Да, верблюд видел, и ослик видел, и вообще все тамошние звери, даже завезенные кошки. Слова пророка: «Не бойтесь, животные» вспоминаешь часто. Всюду – плакат о зоопарке, на нем прекраснейший тигр (когда идешь с Полянки на Ордынку, получать визу, тоже есть тигр, потолще. Шарль Пеги говорил в таких случаях: Mais naturellement). Земля совершенно святая, поневоле скажешь «тов» про все эти цветы, камни, садики, птиц и рыб, осликов и кошек. Честертон писал, что, если ничего не примысливать, тварный мир похож на игрушки. Тут это видно. То, что прибавил человек, ни одного раза не мешает. Ничто не берет – ни модерн, сам совершенно детский, ни новые кварталы. Казалось бы, понятно, что белые или хотя бы светлые дома среди зелени – тоже, в сущности, рай, но у нас противоположный оттенок им придают грязь, надписи, впитанный в стены дух 50–70-х годов, а там этого нет. Лестницы чистые и нарядные, как в барском доме со швейцаром, подростки ничего не портят; почему – можно подумать. У входа в дом моей подруги – розовый куст, прямо с картинки к детской английской книжке прошлого века. Садики переносят в питерское детство 30-х годов, когда само это слово было синонимом рая. Один из них, в горах, рядом с Горненским монастырем, описал разве что Пушкин своими райскими стихами, хорошо бы привести их здесь, но места – мало, каждый может взять томик из собрания.
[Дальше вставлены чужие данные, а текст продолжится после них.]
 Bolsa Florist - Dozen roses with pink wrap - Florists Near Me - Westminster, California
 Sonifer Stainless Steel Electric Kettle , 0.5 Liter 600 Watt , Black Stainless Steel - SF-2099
Словом, все напоминает, что природа – такая же Божья книга, как Библия. Тут они явственно переслаиваются. Может быть, где-нибудь и забудешь, что нынешняя, недавняя, газетная судьба этих мест точно и давно предсказана, но здесь – навряд ли. Время пророков, царей и даже патриархов от нас не отделено. Такое бывает с «божественным» – помните, для Пастернака народники «отдаленней, чем Пушкин». Видимо, чем больше выходишь из времени, тем это сильней. Могилы Рахили, Самуила, Давида – как будто они только что умерли. И вот, особенно у серой могилы Самуила, где рядом раскопы, начинаешь чувствовать то, что чувствовать не хотелось бы.
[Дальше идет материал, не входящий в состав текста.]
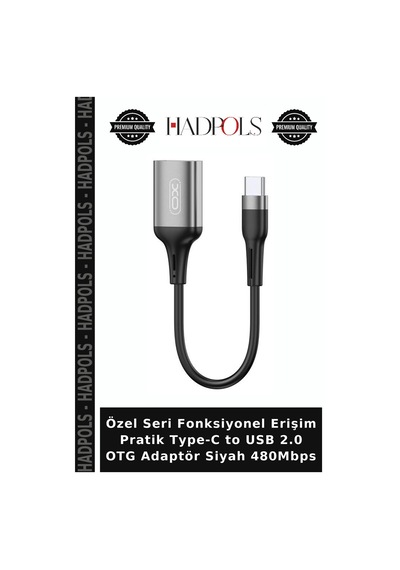 Özel Seri Fonksiyonel Erişim Pratik Type-c To Usb 2.0 Otg Adaptör Siyah 480mbps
Чувство (слава Богу, не «знание») – такое: Христос одинок, как в Гефсимании. Виднее всего это именно там: три огороженные оливы, а на улице, вокруг – такое убожество, такая грязь, такие наивные мошенники, словно мы в советском захолустье, да еще у рынка. В общем, одинок. Тайна иудаизма живет своей непостижимой жизнью, и не нам знать, как встретит Израиль пришедшего во славе Мессию. После Седера, о котором писать я еще не могу, у Мертвого моря, рано утром, среди олив и померанцев я читала книгу Додда о притчах, и там повторялось, что «будет» и «есть» в Евангелии как бы и совпали. У нас об этом пишет о. Георгий Чистяков. Так вот, стоит ли злоупотреблять будущим временем? Стоит ли, к тому же, изменять сокровищу православия, чувству сокровенности? Что «будет», увидим в свое время. Почти все (или все?) сейчас и здесь, а если мы не можем рассмотреть это там, куда Бог поселил нас, увидим хоть на Его земле. Что же можно увидеть?
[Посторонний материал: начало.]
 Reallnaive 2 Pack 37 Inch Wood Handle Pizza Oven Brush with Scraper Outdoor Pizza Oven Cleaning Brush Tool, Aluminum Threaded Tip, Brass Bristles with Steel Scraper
Глубокую авраамову веру тех, кто дождался через тысячи лет не главного, но почти немыслимого обетования. Смиренных, трудно живущих людей, которые взывают уже к Христу и обретают сравнительный покой, потому что бремя они все-таки взяли. А остальные, посланные к народам и с тайной единобожия, и с вестью о воскресении? Одну мы просто числим за собой, как будто не служим иным богам, другую – то и дело превращаем в языческие мистерии. Называя нас детьми и друзьями, Христос все-таки просил о многом, предупреждал о том, как удержаться на воде, строить на камне, жить в Царстве, где правит Бог и побежден князь мира. Впихивать Евангелие в статейку и кощунственно, и бесполезно. Честное слово, закрыв дверь, все мы знаем, что двум господам служить еще никому не удавалось.